# Prop Shots



## STOLLOWEEN (Apr 13, 2008)

A while back we spent the weekend cleaning and organizing our garage, during the process we took a few hours to photograph some of the papier mache props stored in our garage. The photo includes about 75% of the props that have been built over the past few years. Absent from the photo are zombie skulls, demon skulls, plain old regular skulls, the sentinels and 14 sets of ribs, arms and hands.

Photographing the props was fun because they were displayed in a fashion that created some interesting juxtapositions as you don't normally see frogs mixed with pumpkins mixed with gargoyles mixed with whatever.

The whole group of props sitting in our back yard reminded me of a huge papier mache garage sale. Slapping a price tag on each piece would have probably been easier than hauling everything back into storage.














































You can view the entire gallery of prop shots at http://www.stolloween.com/?page_id=2686


----------



## jdubbya (Nov 6, 2005)

That's just too cool!
What a great collection.


----------



## beelce (Jul 21, 2007)

That is way cool!! I love it Stoll...


----------



## The Archivist (May 31, 2009)

All Hail Stolloween!!


----------



## Scary Godmother (Oct 13, 2007)

What great props, you are so talented! The group shot looks like some creepy class reunion!


----------



## steveshauntedyard (Nov 16, 2008)

Really cool to see all your stuff at once.


----------



## Dixie (Feb 18, 2009)

Omigosh, thats the coolest thing I have ever seen!! Love it!


----------



## malibooman (Aug 18, 2006)

Those look great.


----------



## Fiend4Halloween (Aug 28, 2008)

You could make a great "coffee table book" with all the great photos you take.


----------



## tot13 (Jul 25, 2007)

That was fun to see and really made me smile. I never realized the frogs were that large; I thought they were much smaller for some reason.


----------



## MAD BOMBER (Nov 12, 2008)

That would be one garage sale I would get outta bed on saturday for!!!!! (and buy a plane ticket, and rent a truck, and take out a second mortgage, and auction off my patrol car, and,) well you get the idea...Can I get an AMEN? Stolloween ROCKS!!!!!!!!!


----------



## IMU (Apr 8, 2009)

Looks like a Stolloween Shrine to the Mache Gods! Awesome collection of props.


----------



## Tyler (Jul 17, 2008)

WOW thats awesome putting them together like that.
Where do you store it all!!!haha
Your stuff is amazing!


----------



## RoxyBlue (Oct 6, 2008)

Scary Godmother said:


> What great props, you are so talented!
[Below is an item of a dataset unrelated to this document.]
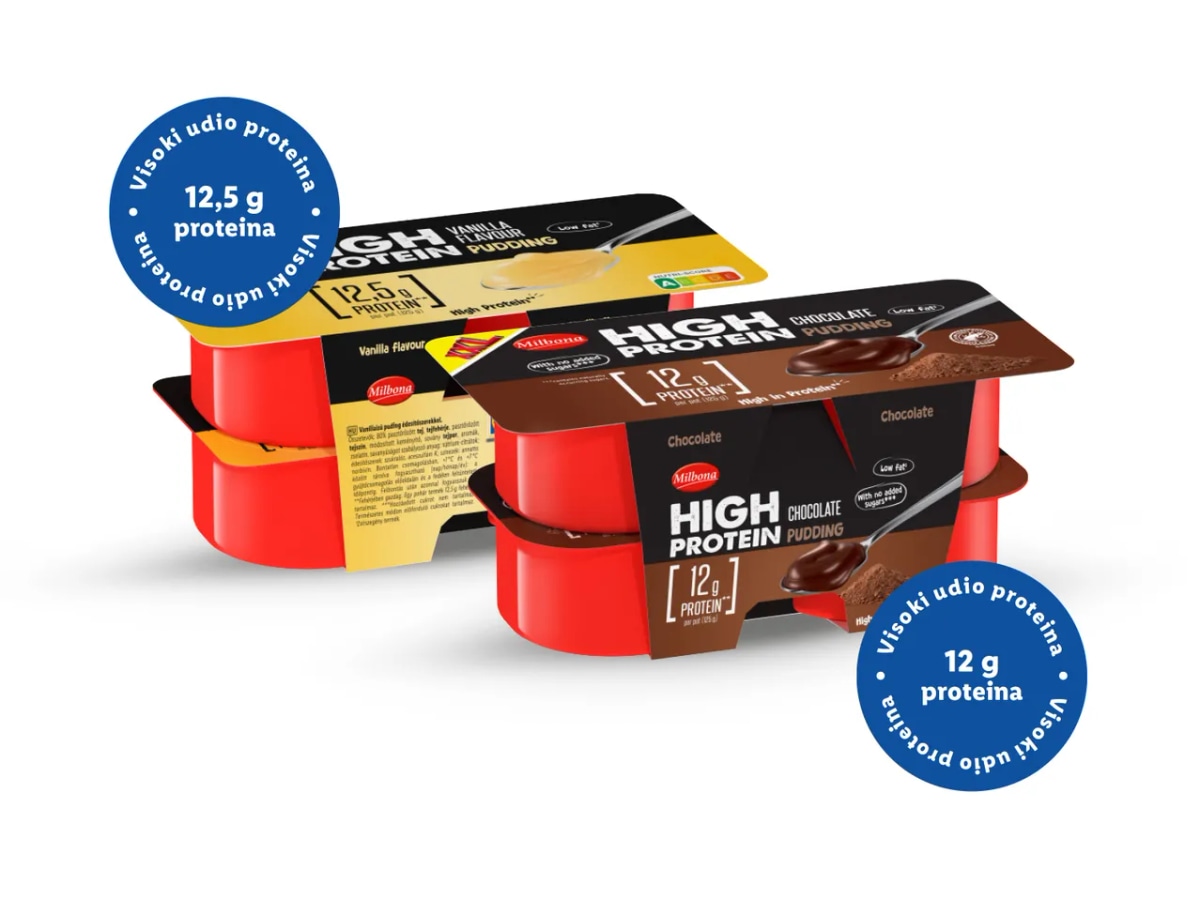 Milbona High protein puding 4 x 125 g - Akcija u trgovini Lidl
The group shot looks like some creepy class reunion!


LOL, Scary, I was just thinking "high school graduation class of 1947"!

Really, Stoll, going to all that trouble to put everything back into your garage when you have so many friends here who would been _happy_ to relieve you of that terrible burden by providing space in their own homes for some of those creatures.:googly: What _were_ you thinking?


----------



## GrimleeFeindish (Jan 23, 2009)

Gorgeous work, its really cool seeing everything together. You are the man.


----------



## Lady Nyxie (Aug 30, 2006)

Neato! 

Inspirational (cause your work is awesome, original and creative) and yet disappointing (cause I know if I tried it I wouldn't even be able to make a recognizable mountain).


----------



## MotelSixx (Sep 27, 2008)

two thumbs up!!!!!!


----------



## Spooky1 (Aug 25, 2008)

Looks like an audience waiting for a show to start.


----------



## Aelwyn (Jul 7, 2008)

Holy cow! Very nice!


----------



## Lauriebeast (Feb 27, 2007)

I love seeing all these beautiful pieces grouped together like that. What a talent you have Scott!


----------



## joker (Sep 25, 2007)

SHOW OFF!!!!

Seriously though nice work.


----------



## Dark Angel 27 (Sep 11, 2008)

i love the dragon/gargoyle in the first shot! your work never ceases to amaze me. i wish i had even a small amount of the talent you have!


----------



## Joiseygal (Sep 3, 2008)

Sweet collection!


----------



## Creep Cringle (Jun 23, 2009)

That is what I want my family photo to look like! Awesome!


----------



## pyro (Oct 7, 2006)

what a nice group shot


----------



## Northern Touch (Nov 8, 2006)

your are truly the Mache master....Your work so so cool and to see all those pieces together looks sweet, can't wait to see your haunt this year...


----------



## kprimm (Mar 14, 2009)

All i can say is you truly are a master at your craft and no one can ever deny it.


----------



## HauntCast (Jul 25, 2008)

Next time you are reorganizing I'll stop by with a truck to save you the trouble of having to put everything back in storage. You the mache MAN!


----------